Castries, St Lucia
Over the decades, living as a member of a minority religion, especially in Christian Germany has given me only a small perspective on what it feels to know that you are different from those around you. But I am hidden in that population, not visible by appearance, style, dress, or action sum less I chose to draw attention to myself. Add to that more than 30 years of military service where your performance, rank and attitude are far more important than facial structure, hair color or skin tone. Religion can be divisive; programs for understanding exist (but not always adhered) and stupidity and prejudice can be disciplined.
But living as visible at all times? Where others will make judgements faster than the country club ladies catalog a potential members designer clothing?
There are three ships in port today. Us – Legend of the Seas; Reagents – Seven Seas Voyager and Croisier de Francais – Horizon.
I walked to the center to town early, before the hordes finished breakfast and stormed off the ship for tours, travels and trinkets. For well over and hour of walking around, the only other white faces belonged to a couple of men conversing in German while standing in a shop doorway. The occasional Indian name headed a list of medial or legal professionals.
This is a capital location with government buildings, neat well dressed people bustling to work, dropping off young children and school, opening shops, stores and eating establishments. Caucasian genes are not in abundance. Tall, lean with the look of hard work and limited intake of fast food. The herds of children school bound are all neat in their uniforms with shiny shoes and meticulously styled hair. The boys are cropped short, the girls with short, plaits or neatly controlled pigtails and hair ribbons. The men all wear long pants. All but the rare woman is dressed in blouse&skirt, dress or the occasional long pants. No one is fat. The closest I saw to plump were a couple of the older women in the complex of tiny souvenir stands.

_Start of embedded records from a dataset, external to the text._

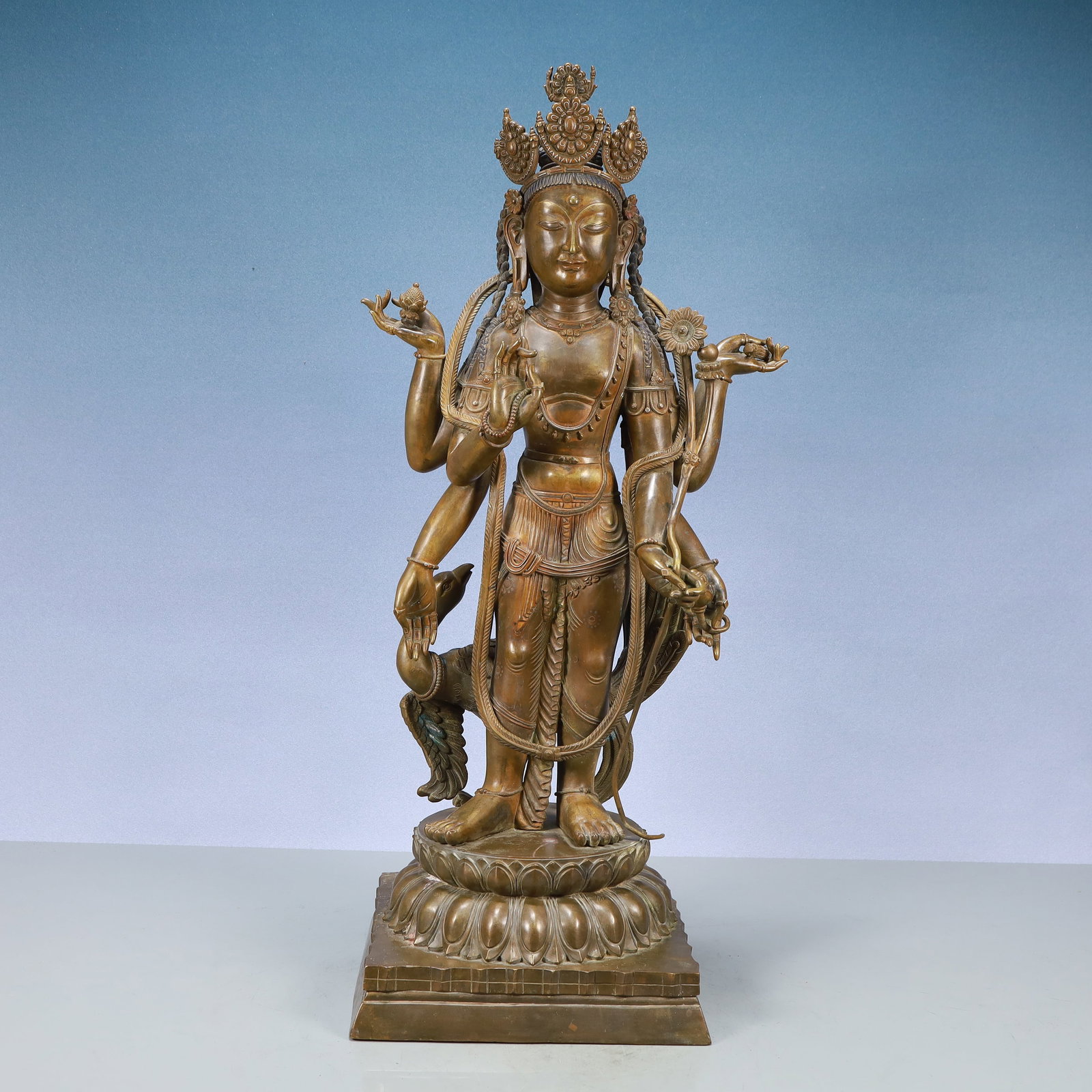 A Exquisite Coppery Statue of Avalokitesvara: A Exquisite Coppery Statue of Avalokitesvara Ming Dynasty, China Size:10.2inx10.2inx28.3in Weight:20650g铜观音 中国明代 Size:26cmx26cmx72cm Weight:20650g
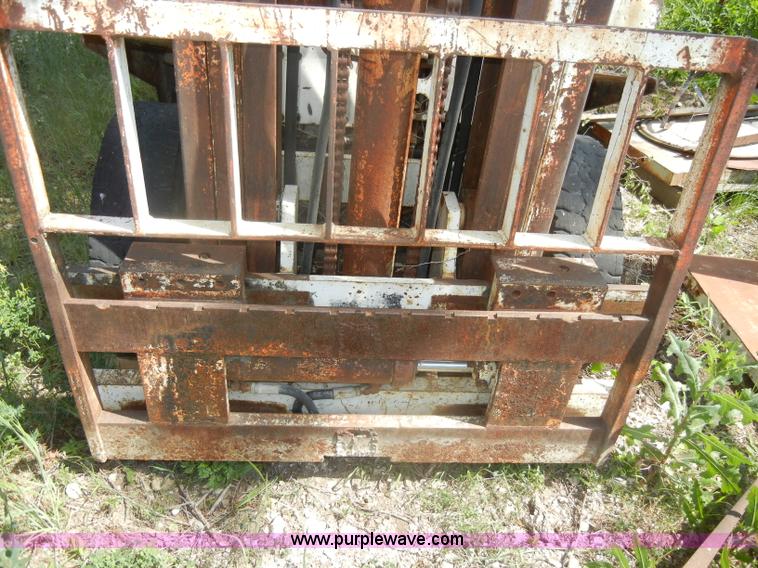 image for item N9775 1985 Yang Iron Works Powerlift FD25 diesel forklift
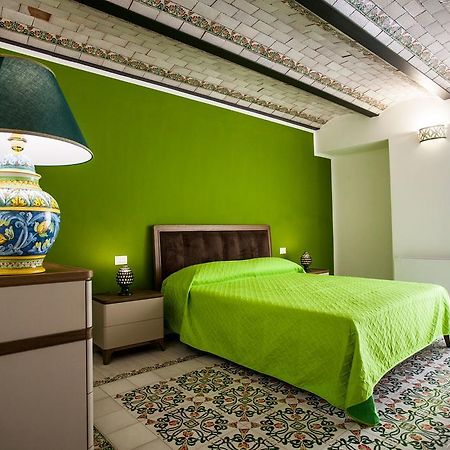 Palazzo Pagliaro Hotell Santo Stefano di Camastra Exteriör bild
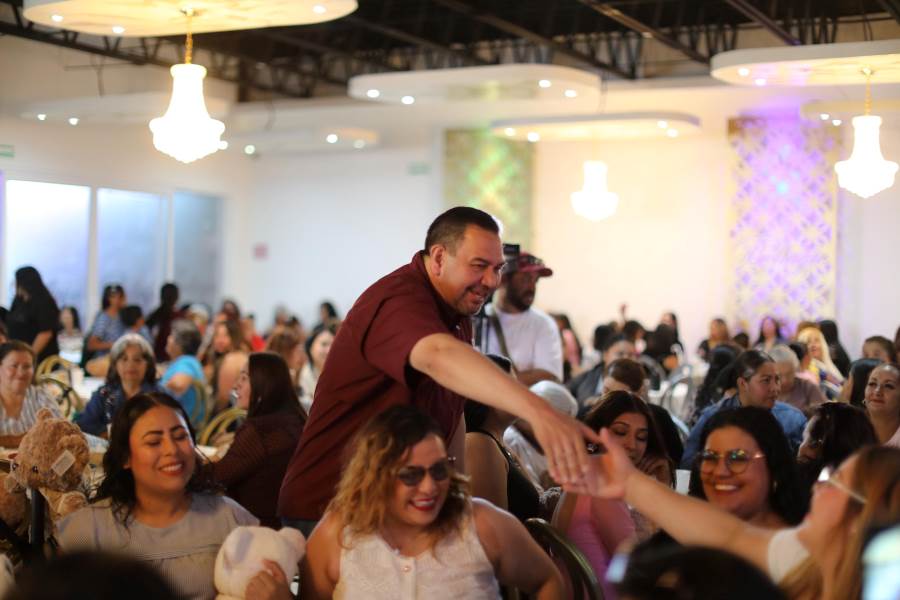 Celebran convivio por el Día de las Madres en Ciudad Juárez
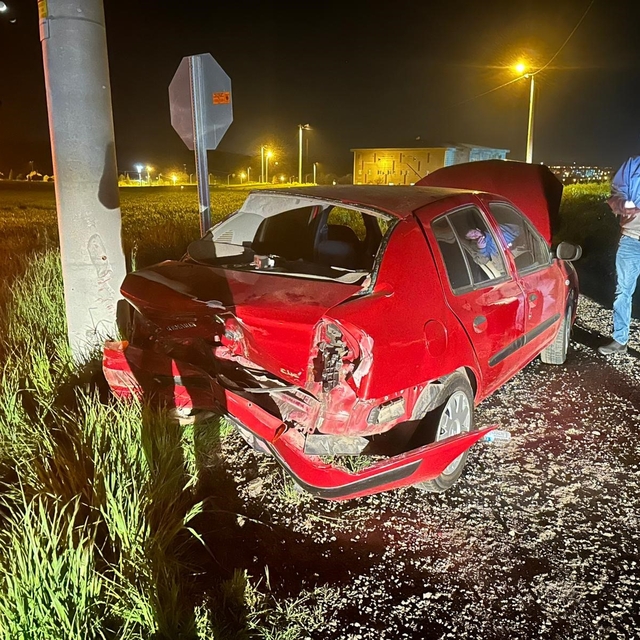 İki otomobil çarpıştı, iki kişi hastanelik oldu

It has been decades since I read “Black like me” Even a couple of hours of walking around brought back my feelings of discomfort that initially rose in 1979 on our first trip to Jamaica. I have noted it again whenever I am somewhere, like China, that I can not disappear/blend into the crowd. Each time I walk into such a situation I am reminded that being visibly different is a “normal” way of life for millions. Skin color, physical structure, disabilities are partly immutable, completely subject to perception.
I am not invisible as I walk, but garner more than one smile as I step aside to let another person with arms full of child or toddler pass. I don’t have a deadline, but they do. Haven’t they experienced politeness from tourists? As I finally head back to the ship, I start passing passengers walking toward town. I don’t know how the well dressed, wealthy and entitled are going to feel about the potholes, broken sidewalks and mobility challenges. Or are they even going to notice in their well pressed shirts and shorts bearing expensive labels?
The overweight, t-shirt and short set from my ship is potentially worse. They are bargain hunting and loud. As I sit in the terminal wearing a simple dress and keens, I have to wonder what those in town path ought as I walked. No camera in hand, just a middle aged white woman with a backpack walking the town, dodging cars and thinking about what it is like when you visibly don’t fit in.